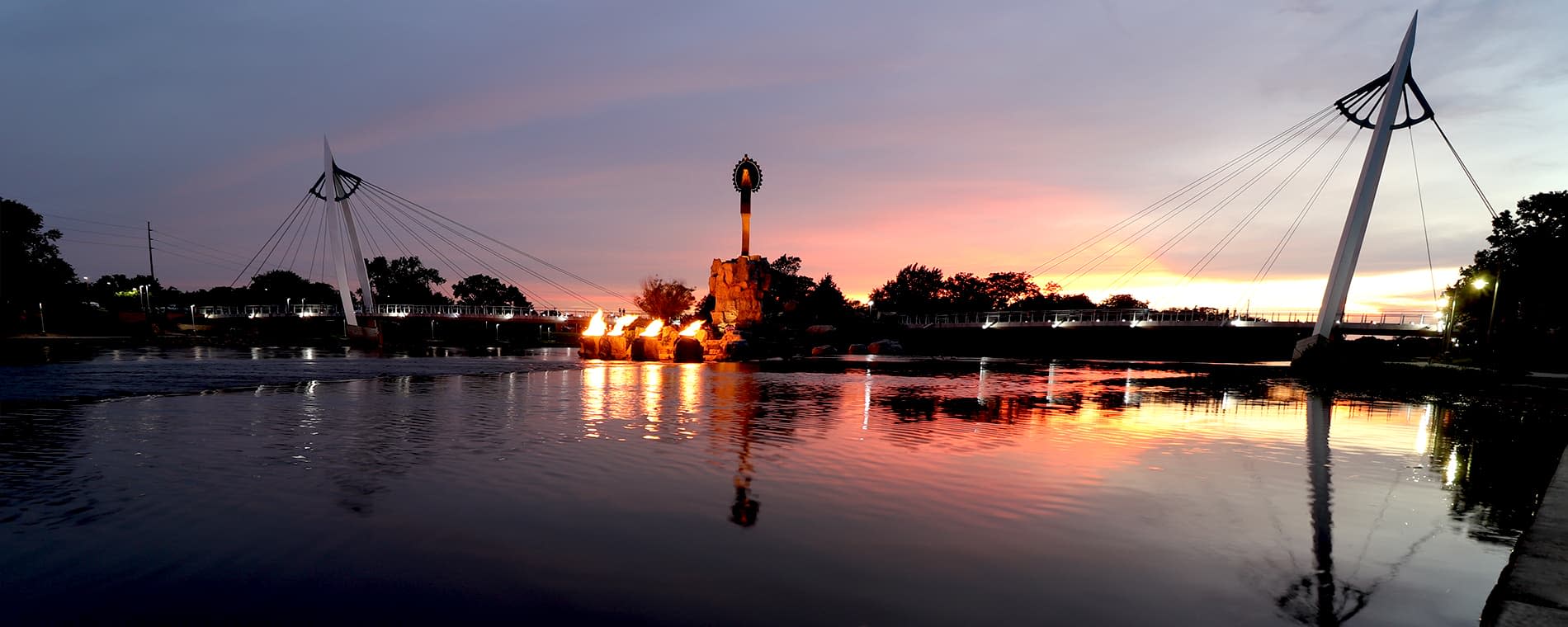 Keeper of the Plains at dusk with lit firepots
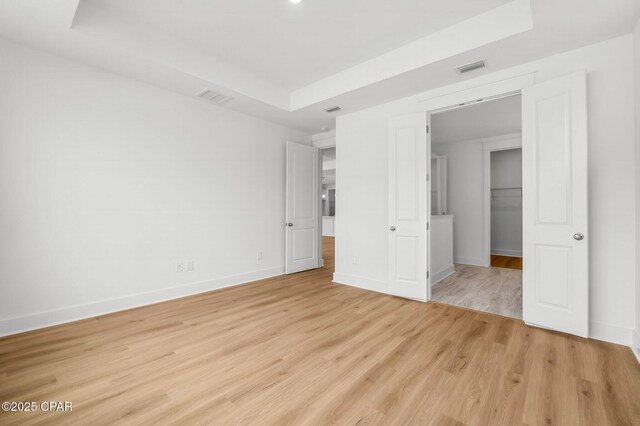 unfurnished bedroom with a raised ceiling and light hardwood / wood-style floors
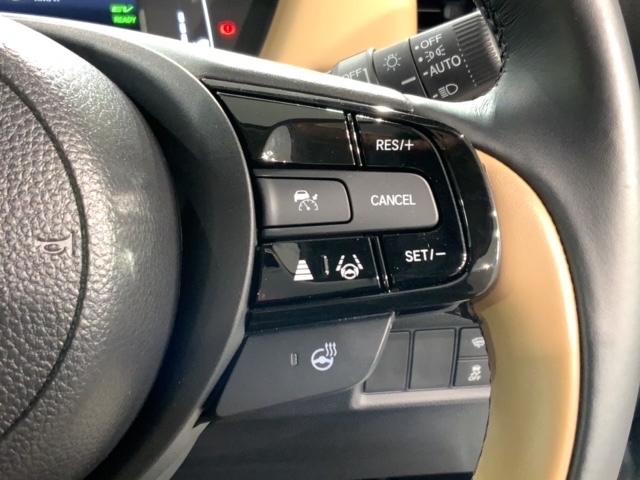 フィット ｅ：ＨＥＶリュクス　Ｈ　ＳＥＮＳＩＮＧ　新車保証　試乗車　ワンオ－ナ－　純正ナビ　ＴＶ　Ｒカメラ　マルチビュ－　ＢＴオ－ディオ　ＥＴＣ　ＬＥＤライト　ＶＳＡ　シ－トヒ－タ－　クルコン　アルミ　スマ－トキ－　盗難防止装置（11枚目）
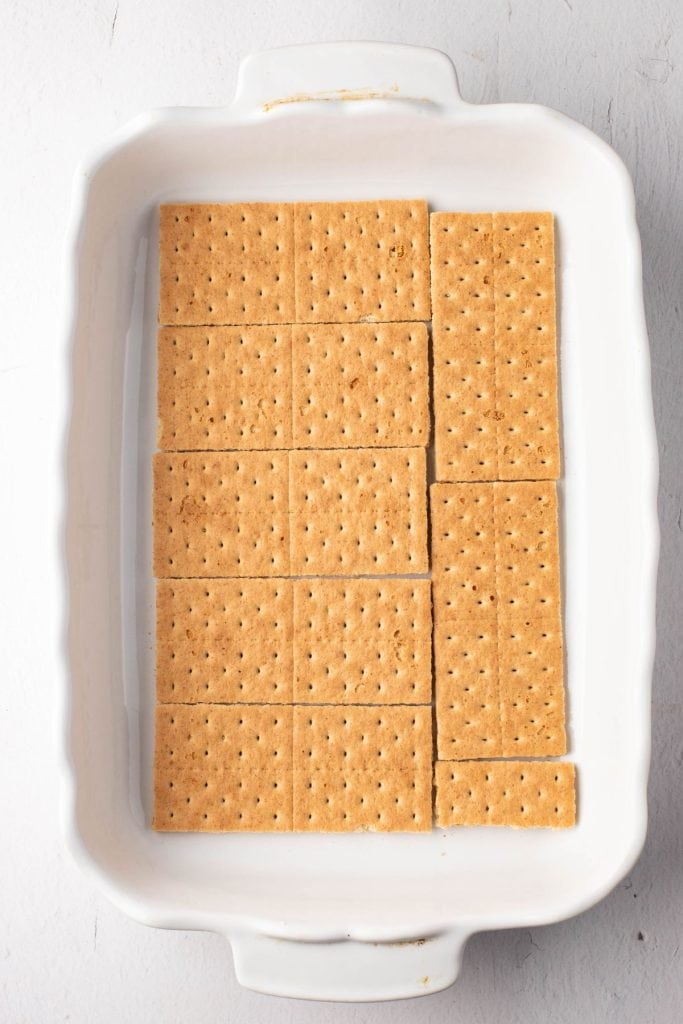 Graham crackers aligned at the bottom of rectangular white baking dish.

**TASK PROMPT:**
Without the pictures, repeat the listing above exactly.

**TASK RESPONSE:**
 Keeper of the Plains at dusk with lit firepots
 unfurnished bedroom with a raised ceiling and light hardwood / wood-style floors
 フィット ｅ：ＨＥＶリュクス　Ｈ　ＳＥＮＳＩＮＧ　新車保証　試乗車　ワンオ－ナ－　純正ナビ　ＴＶ　Ｒカメラ　マルチビュ－　ＢＴオ－ディオ　ＥＴＣ　ＬＥＤライト　ＶＳＡ　シ－トヒ－タ－　クルコン　アルミ　スマ－トキ－　盗難防止装置（11枚目）
 Graham crackers aligned at the bottom of rectangular white baking dish.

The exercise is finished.